- **Your objective**: When you reach the line containing "Goud en Blauw" in the records below, start copying exactly, and stop once you have copied the line containing "Elegante abito da".

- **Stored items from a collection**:
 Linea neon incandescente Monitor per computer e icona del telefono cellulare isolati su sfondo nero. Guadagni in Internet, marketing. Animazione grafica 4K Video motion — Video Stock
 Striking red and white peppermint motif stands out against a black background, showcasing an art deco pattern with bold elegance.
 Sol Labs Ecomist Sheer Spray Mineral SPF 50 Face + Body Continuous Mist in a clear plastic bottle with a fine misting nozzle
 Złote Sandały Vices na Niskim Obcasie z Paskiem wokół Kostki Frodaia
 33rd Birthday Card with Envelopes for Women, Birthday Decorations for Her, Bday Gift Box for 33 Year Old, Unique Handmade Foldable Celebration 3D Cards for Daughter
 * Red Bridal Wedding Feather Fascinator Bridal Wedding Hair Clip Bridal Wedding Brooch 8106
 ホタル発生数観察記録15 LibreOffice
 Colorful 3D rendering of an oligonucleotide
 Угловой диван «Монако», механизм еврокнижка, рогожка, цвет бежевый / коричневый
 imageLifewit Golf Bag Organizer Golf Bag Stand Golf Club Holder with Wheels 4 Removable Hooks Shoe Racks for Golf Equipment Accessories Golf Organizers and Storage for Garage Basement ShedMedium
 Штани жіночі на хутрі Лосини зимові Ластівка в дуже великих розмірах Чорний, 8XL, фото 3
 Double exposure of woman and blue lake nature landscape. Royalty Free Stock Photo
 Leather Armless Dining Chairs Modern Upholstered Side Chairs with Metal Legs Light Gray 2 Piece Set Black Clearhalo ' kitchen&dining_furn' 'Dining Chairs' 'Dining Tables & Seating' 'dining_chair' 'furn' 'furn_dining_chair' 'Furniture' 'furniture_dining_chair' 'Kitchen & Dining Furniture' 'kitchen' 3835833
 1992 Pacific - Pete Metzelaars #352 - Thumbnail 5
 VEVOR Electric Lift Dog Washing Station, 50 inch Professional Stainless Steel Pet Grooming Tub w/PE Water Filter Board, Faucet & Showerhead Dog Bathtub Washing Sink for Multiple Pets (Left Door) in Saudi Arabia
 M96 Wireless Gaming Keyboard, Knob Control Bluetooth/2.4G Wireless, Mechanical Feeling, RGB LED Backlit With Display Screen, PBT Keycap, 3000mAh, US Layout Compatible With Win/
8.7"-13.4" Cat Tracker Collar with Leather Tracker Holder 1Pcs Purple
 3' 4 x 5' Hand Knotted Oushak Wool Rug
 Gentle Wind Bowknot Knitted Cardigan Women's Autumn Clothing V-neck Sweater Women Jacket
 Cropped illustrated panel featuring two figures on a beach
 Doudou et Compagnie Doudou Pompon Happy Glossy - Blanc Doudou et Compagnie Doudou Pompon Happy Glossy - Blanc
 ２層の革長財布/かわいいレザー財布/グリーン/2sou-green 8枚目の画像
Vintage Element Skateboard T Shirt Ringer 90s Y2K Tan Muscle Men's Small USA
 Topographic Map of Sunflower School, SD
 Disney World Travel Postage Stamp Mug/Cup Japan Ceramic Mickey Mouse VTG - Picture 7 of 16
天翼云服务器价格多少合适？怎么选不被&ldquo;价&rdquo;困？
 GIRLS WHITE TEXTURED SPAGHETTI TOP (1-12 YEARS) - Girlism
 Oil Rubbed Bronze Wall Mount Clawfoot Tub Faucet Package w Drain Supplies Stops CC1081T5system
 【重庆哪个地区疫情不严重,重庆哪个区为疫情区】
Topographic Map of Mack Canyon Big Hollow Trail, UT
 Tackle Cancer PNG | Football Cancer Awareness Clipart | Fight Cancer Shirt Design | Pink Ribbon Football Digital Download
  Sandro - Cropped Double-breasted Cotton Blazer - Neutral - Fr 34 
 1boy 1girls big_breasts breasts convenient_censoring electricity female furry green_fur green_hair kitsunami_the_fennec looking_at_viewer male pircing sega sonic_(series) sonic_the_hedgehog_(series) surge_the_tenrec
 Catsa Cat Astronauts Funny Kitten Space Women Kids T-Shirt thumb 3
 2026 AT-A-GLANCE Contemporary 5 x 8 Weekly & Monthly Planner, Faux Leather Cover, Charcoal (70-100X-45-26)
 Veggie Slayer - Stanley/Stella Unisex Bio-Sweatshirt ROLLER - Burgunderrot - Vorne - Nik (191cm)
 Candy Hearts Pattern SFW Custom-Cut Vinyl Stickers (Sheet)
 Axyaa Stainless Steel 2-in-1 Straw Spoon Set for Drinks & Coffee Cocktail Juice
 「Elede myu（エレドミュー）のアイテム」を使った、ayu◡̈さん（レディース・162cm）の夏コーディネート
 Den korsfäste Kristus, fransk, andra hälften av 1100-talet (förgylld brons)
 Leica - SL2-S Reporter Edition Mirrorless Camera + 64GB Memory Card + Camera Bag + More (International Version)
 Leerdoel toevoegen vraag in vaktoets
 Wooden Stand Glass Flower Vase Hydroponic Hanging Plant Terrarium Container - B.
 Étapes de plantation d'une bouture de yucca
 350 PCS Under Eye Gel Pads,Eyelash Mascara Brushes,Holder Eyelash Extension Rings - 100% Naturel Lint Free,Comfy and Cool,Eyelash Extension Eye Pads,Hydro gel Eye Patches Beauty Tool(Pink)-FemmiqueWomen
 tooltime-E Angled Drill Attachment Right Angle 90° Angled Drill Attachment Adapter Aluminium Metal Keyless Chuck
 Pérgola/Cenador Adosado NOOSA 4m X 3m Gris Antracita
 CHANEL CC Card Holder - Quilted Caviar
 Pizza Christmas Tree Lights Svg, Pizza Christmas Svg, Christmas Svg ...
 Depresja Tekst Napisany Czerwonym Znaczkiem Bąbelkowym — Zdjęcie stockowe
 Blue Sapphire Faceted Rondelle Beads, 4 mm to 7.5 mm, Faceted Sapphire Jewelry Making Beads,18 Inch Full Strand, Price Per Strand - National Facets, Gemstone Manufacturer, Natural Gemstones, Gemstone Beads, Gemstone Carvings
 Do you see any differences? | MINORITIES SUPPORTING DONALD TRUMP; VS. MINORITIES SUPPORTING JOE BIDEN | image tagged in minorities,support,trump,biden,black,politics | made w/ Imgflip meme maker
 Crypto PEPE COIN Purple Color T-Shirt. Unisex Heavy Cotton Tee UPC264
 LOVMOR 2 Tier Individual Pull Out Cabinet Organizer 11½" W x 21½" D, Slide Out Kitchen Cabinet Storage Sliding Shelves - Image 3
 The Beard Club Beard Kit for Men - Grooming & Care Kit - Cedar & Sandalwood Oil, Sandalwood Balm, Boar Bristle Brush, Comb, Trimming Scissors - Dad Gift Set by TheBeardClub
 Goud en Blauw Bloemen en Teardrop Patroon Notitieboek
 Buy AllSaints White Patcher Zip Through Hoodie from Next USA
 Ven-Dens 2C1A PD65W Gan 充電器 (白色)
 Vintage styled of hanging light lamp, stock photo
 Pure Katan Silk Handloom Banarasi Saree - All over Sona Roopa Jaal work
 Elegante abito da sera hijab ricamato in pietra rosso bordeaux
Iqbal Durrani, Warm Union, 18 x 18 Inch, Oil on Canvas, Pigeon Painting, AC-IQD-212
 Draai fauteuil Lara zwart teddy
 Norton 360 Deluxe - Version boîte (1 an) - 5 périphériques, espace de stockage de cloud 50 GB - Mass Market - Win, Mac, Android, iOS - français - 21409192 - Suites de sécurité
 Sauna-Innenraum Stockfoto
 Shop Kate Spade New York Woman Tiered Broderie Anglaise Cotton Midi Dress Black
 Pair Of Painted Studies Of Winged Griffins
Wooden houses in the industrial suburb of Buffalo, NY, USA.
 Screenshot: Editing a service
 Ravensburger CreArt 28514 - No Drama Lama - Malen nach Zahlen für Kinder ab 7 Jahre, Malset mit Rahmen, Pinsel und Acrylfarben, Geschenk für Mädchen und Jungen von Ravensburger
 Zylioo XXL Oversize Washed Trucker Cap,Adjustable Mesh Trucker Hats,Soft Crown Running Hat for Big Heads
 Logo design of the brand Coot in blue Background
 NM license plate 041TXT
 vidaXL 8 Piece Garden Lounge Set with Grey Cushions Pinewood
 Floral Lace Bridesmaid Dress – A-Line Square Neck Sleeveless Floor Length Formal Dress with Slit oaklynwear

- **Solution for this exercise**:
 Goud en Blauw Bloemen en Teardrop Patroon Notitieboek
 Buy AllSaints White Patcher Zip Through Hoodie from Next USA
 Ven-Dens 2C1A PD65W Gan 充電器 (白色)
 Vintage styled of hanging light lamp, stock photo
 Pure Katan Silk Handloom Banarasi Saree - All over Sona Roopa Jaal work
 Elegante abito da sera hijab ricamato in pietra rosso bordeaux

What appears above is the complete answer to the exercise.